### Required work
The pictures get dropped, while every remaining part of the listing is copied exactly.

--- Data Enclosed Below ---

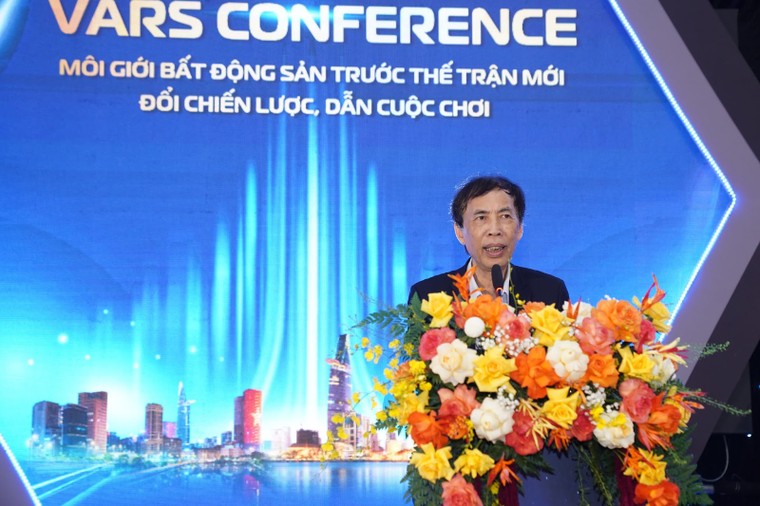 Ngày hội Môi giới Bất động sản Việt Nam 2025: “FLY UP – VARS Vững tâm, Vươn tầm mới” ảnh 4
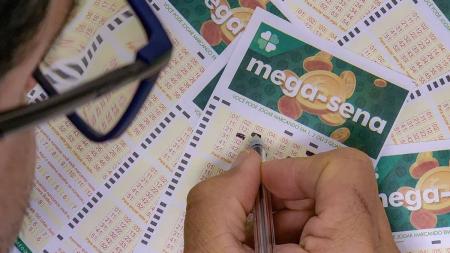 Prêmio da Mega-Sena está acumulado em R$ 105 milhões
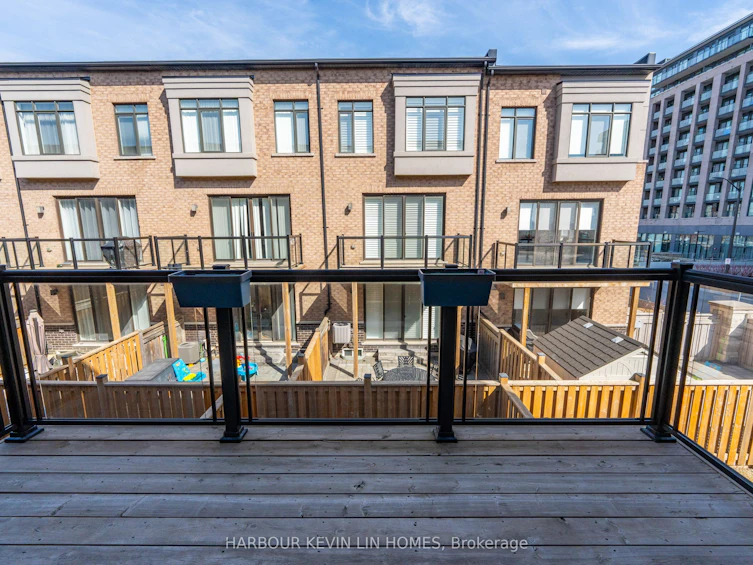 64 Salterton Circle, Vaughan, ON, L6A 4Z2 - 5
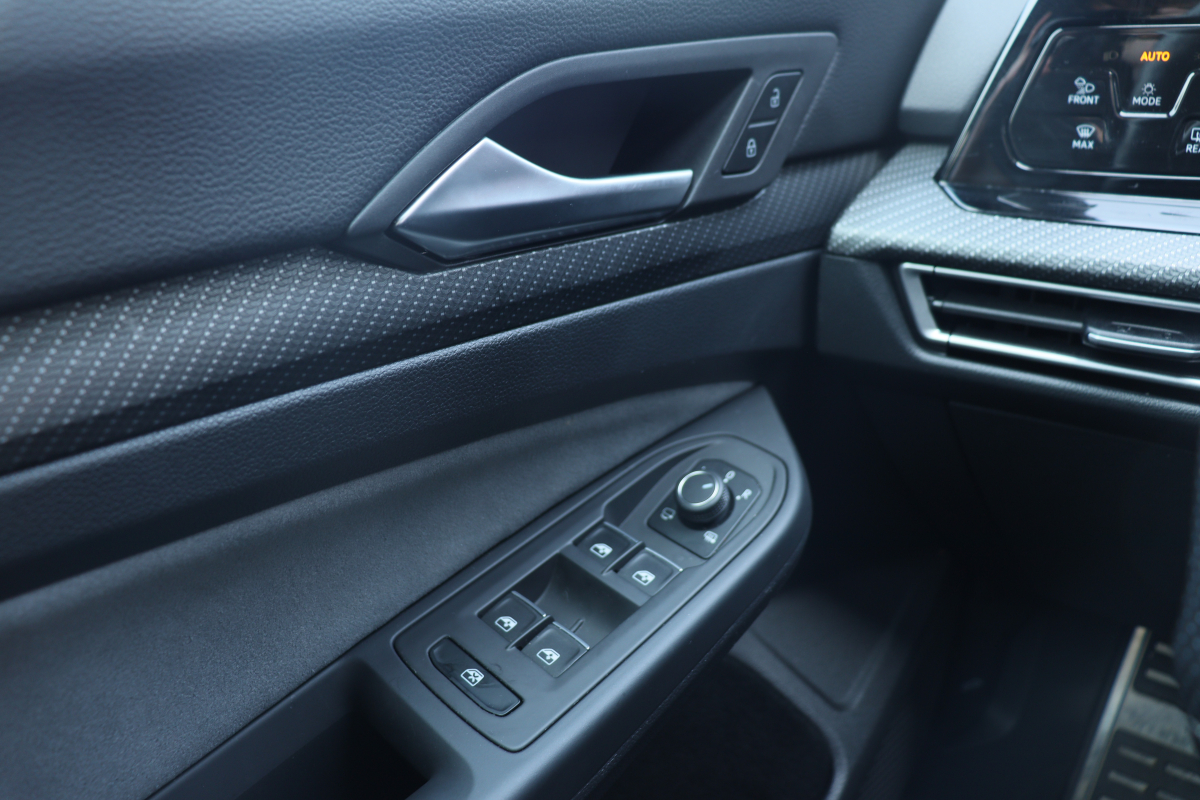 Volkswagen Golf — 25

--- End of Enclosed Data ---

### Written solution
 Ngày hội Môi giới Bất động sản Việt Nam 2025: “FLY UP – VARS Vững tâm, Vươn tầm mới” ảnh 4
 Prêmio da Mega-Sena está acumulado em R$ 105 milhões
 64 Salterton Circle, Vaughan, ON, L6A 4Z2 - 5
 Volkswagen Golf — 25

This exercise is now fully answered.